Подготовку этих проектов координировал академик Николай Петраков. Это была полновесная программа нового этапа демократической Реформации, который наступил после августовского мятежа. Все, однако, ушло в песок. Но сегодня без конца ахать и охать по этому поводу тоже нет смысла. Теперь самое разумное — ответственно и профессионально строить жизнь в России. И пусть другие бывшие советские республики живут так, как они того хотят. Только вот швыряться камнями через границы не надо. Пошлое это занятие.

Я уже рассказывал, как оказался в Фонде Горбачева. Пришел на работу в здание, которое просил в свое время у Горбачева для организации Центра исследований. Но не получил. Михаил Сергеевич начал путешествовать по миру с докладами, лекциями, на разные симпозиумы и конференции. Я в качестве вице-президента рассматривал планы исследовательских работ, семинаров, «круглых столов». И все бы ничего, но однажды я прочел в «Огоньке» материалы подслушивания моих телефонных разговоров, обнаруженных в бывшей канцелярии Горбачева. Мучительно было даже думать об этом. Сразу же ожили и другие обиды, о которых я стал уже забывать. Пошел к Михаилу Сергеевичу, спросил у него, в чем тут дело? Он смутился и сказал: «Может, и меня подслушивали!»

Конечно, подслушивали.

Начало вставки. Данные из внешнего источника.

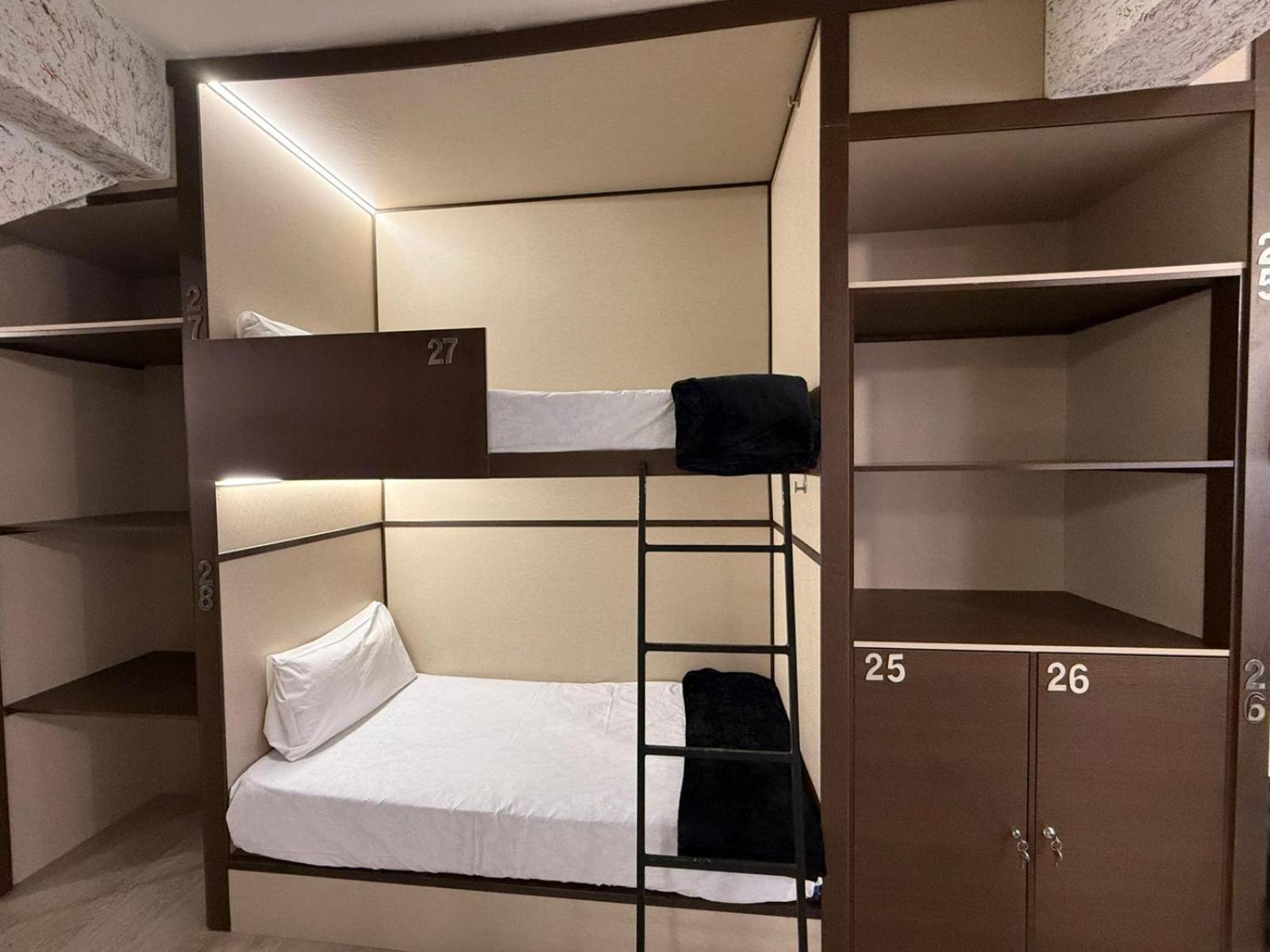 Hostel Tkh-Rooms Mate Madrid Ngoại thất bức ảnh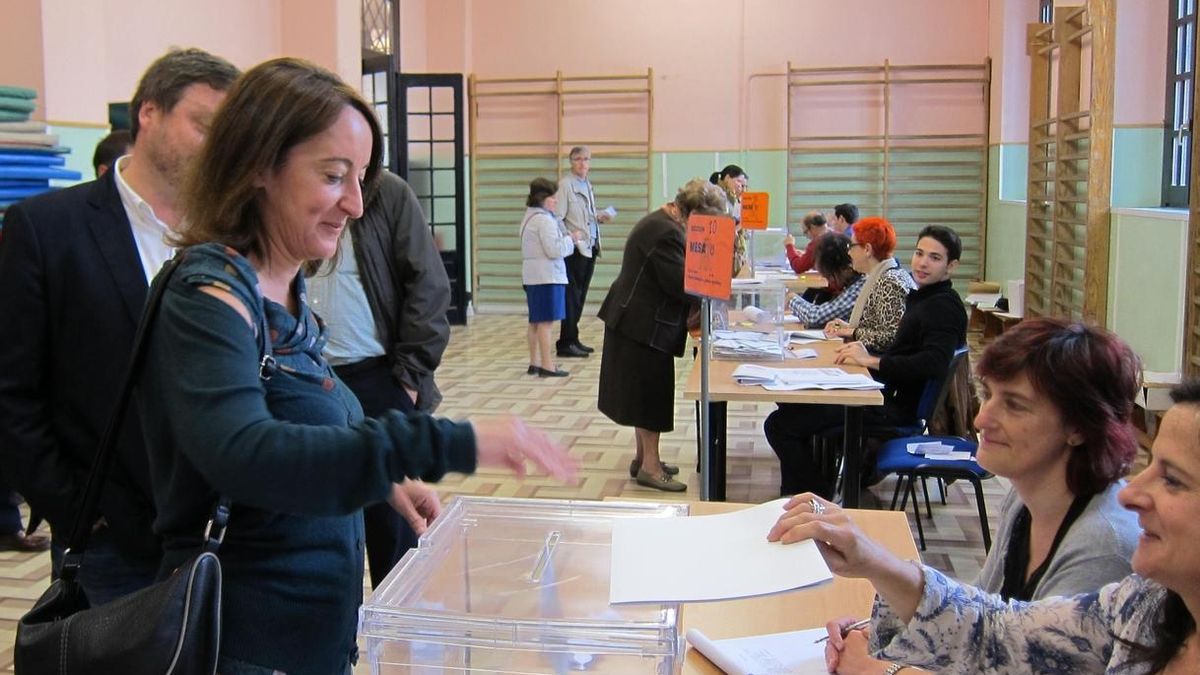 Labordeta (CHA) advierte de problemas por la falta de papeletas de su formación en algunos colegios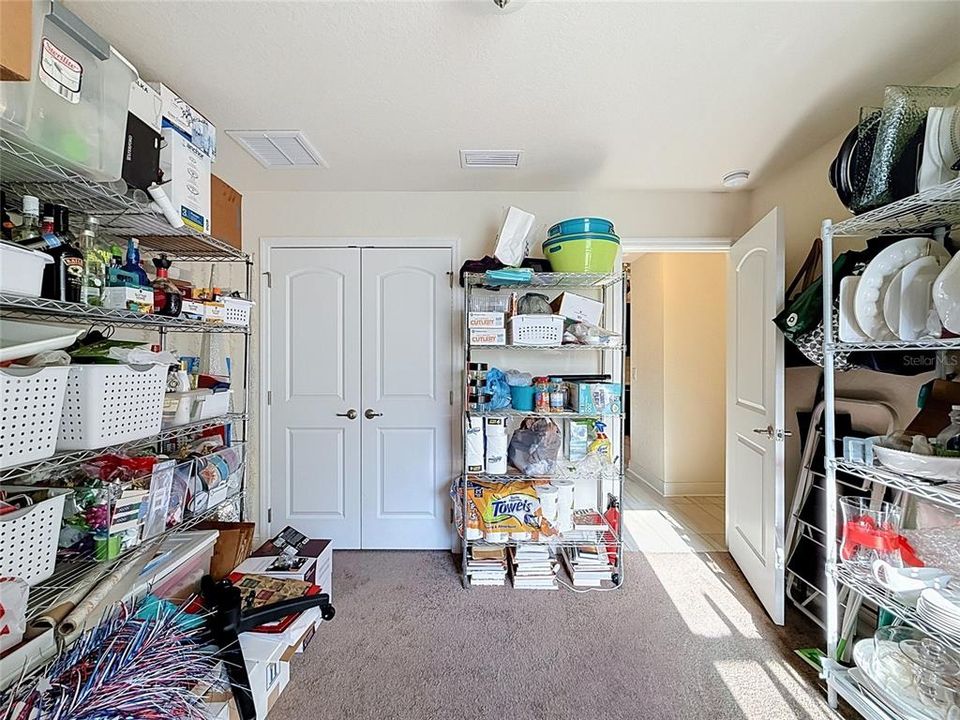 For Sale: $449,900 (4 beds, 2 baths, 2336 Square Feet)
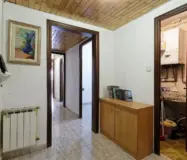 Квартира 177 кв.м под ремонт в историческом здании Барселоны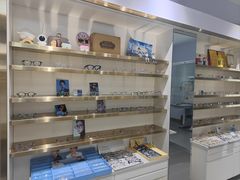 -视野联行眼镜•蔡司•依视路(温江店)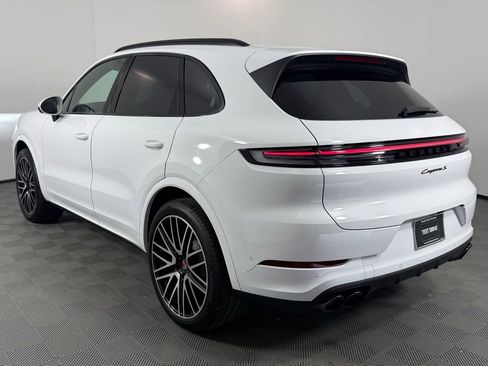 Certified 2026 Porsche Cayenne S AWD/4WD image 3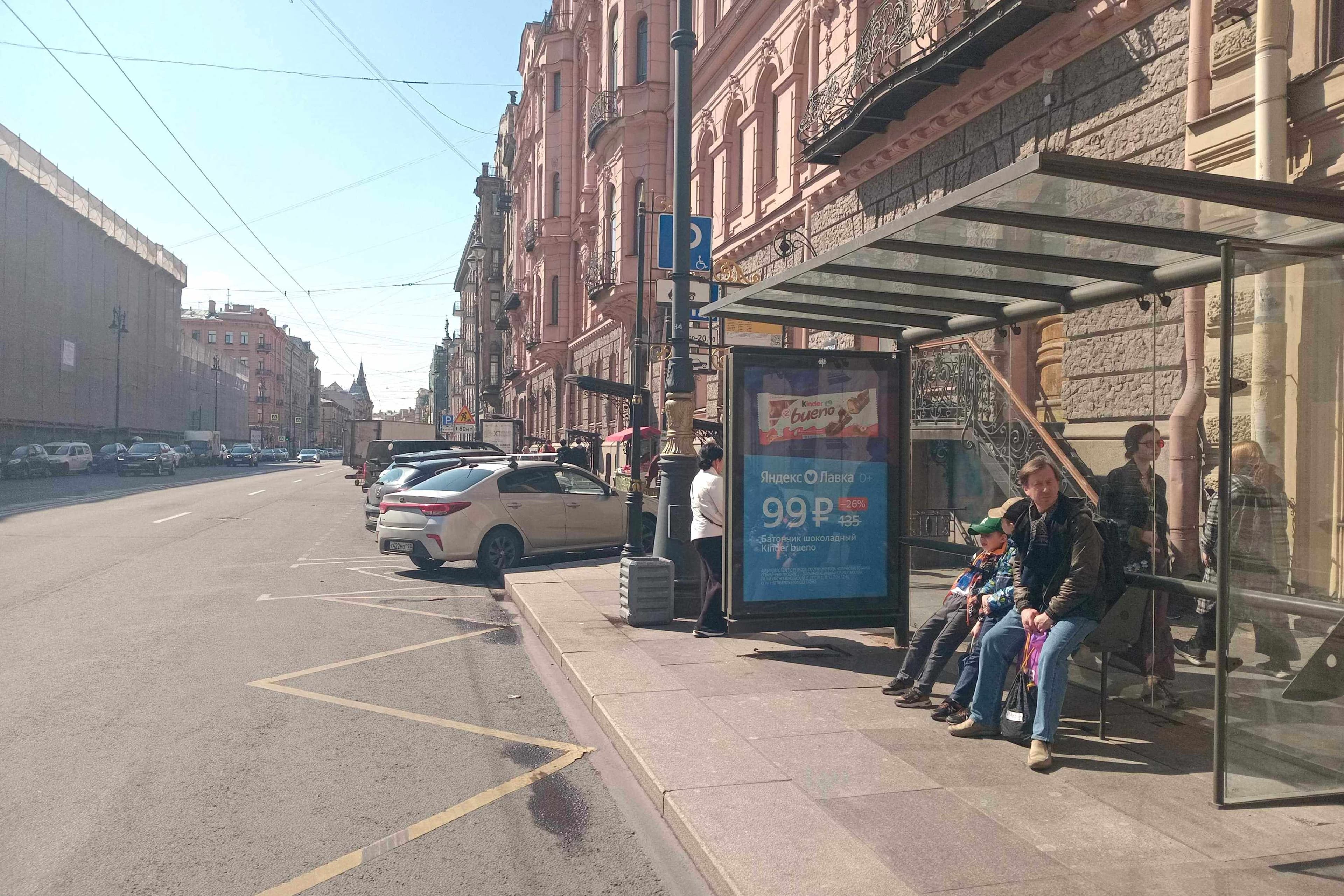 Кирочная ул. 26 - ост. "Кирочная улица, 15 - Станция метро Чернышевская", (светофор), сторона А Санкт-Петербург. Кирочная ул. 26 - ост. "Кирочная улица, 15 - Станция метро Чернышевская", (светофор), сторона А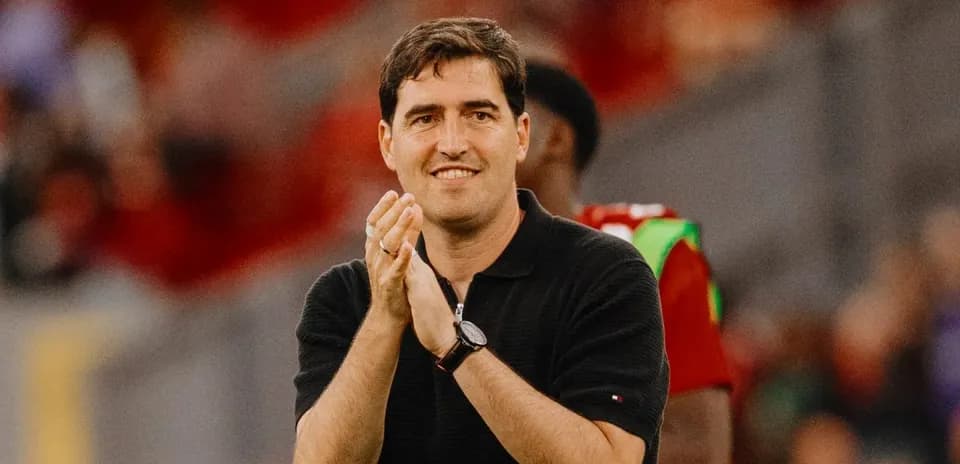 Entrenador aplaudiendo en el banquillo del partido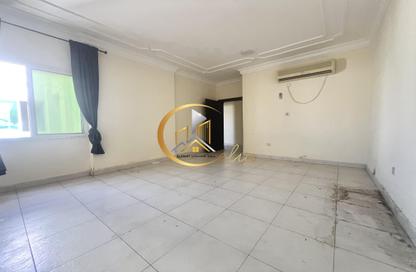 Apartment - 3 Bedrooms - 3 Bathrooms for rent in Al Tabari Street - Fereej Bin Omran - Doha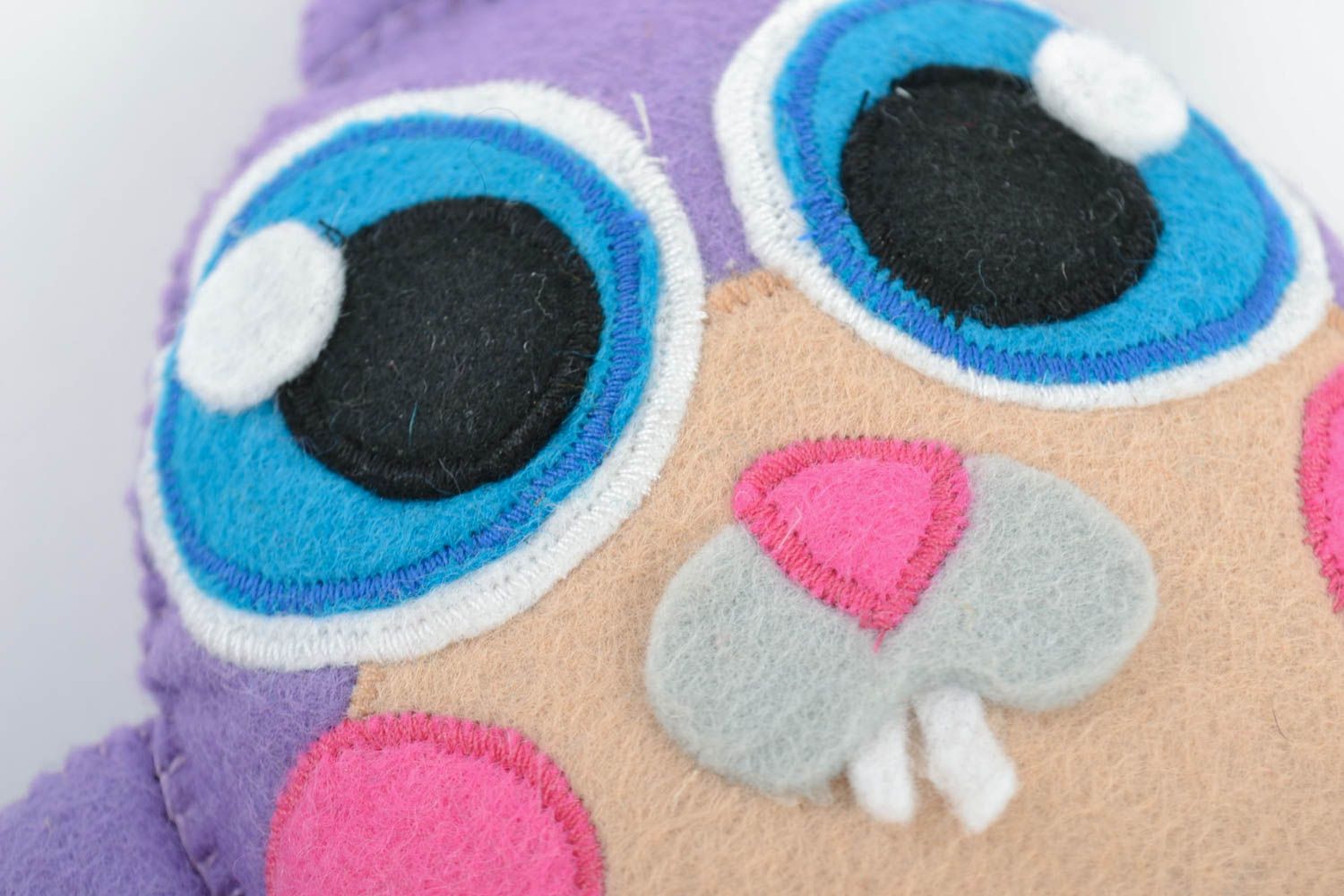 Мягкая игрушка ручной работы заяц фиолетовый из фетра с большими глазами фото 3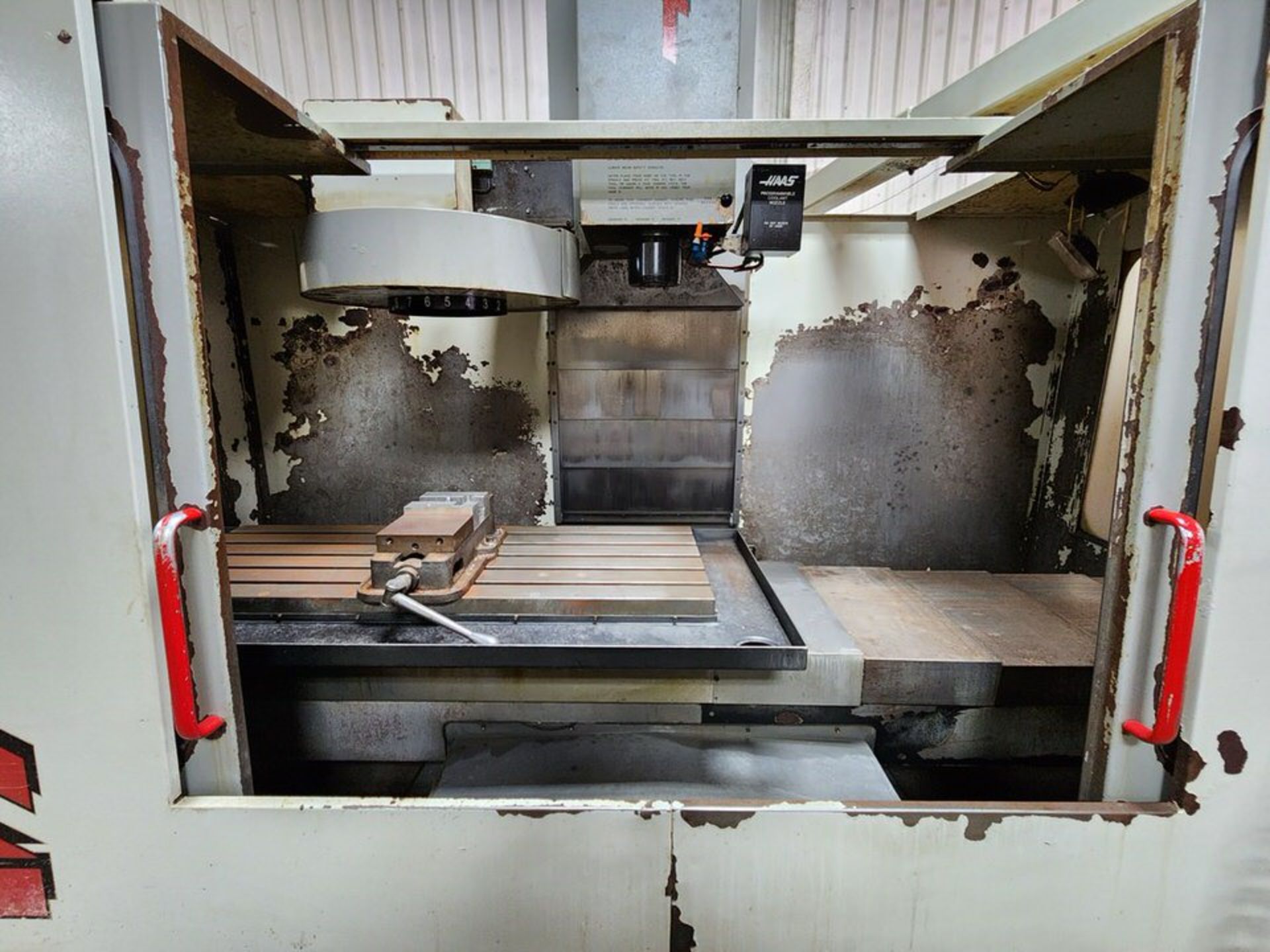 1996 Haas VF3 Milling Machine 208/230V, 3PH, 50/60HZ, Full Load: 40A; Largest Load: 30A; - Image 4 of 18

Как показало следствие по делу антигосударственного заговора в августе 1991 года, подслушивался весь высший эшелон власти. Материалы подслушивания хранились в «кремлевской кладовке», как называли особо секретные сейфы в общем отделе ЦК КПСС. В материалах говорится, что подавляющую часть коллекции секретов составляли материалы технического контроля, то есть записи подслушанных разговоров. От любопытствующего уха Большого Брата (КГБ) нельзя было отгородиться ничем.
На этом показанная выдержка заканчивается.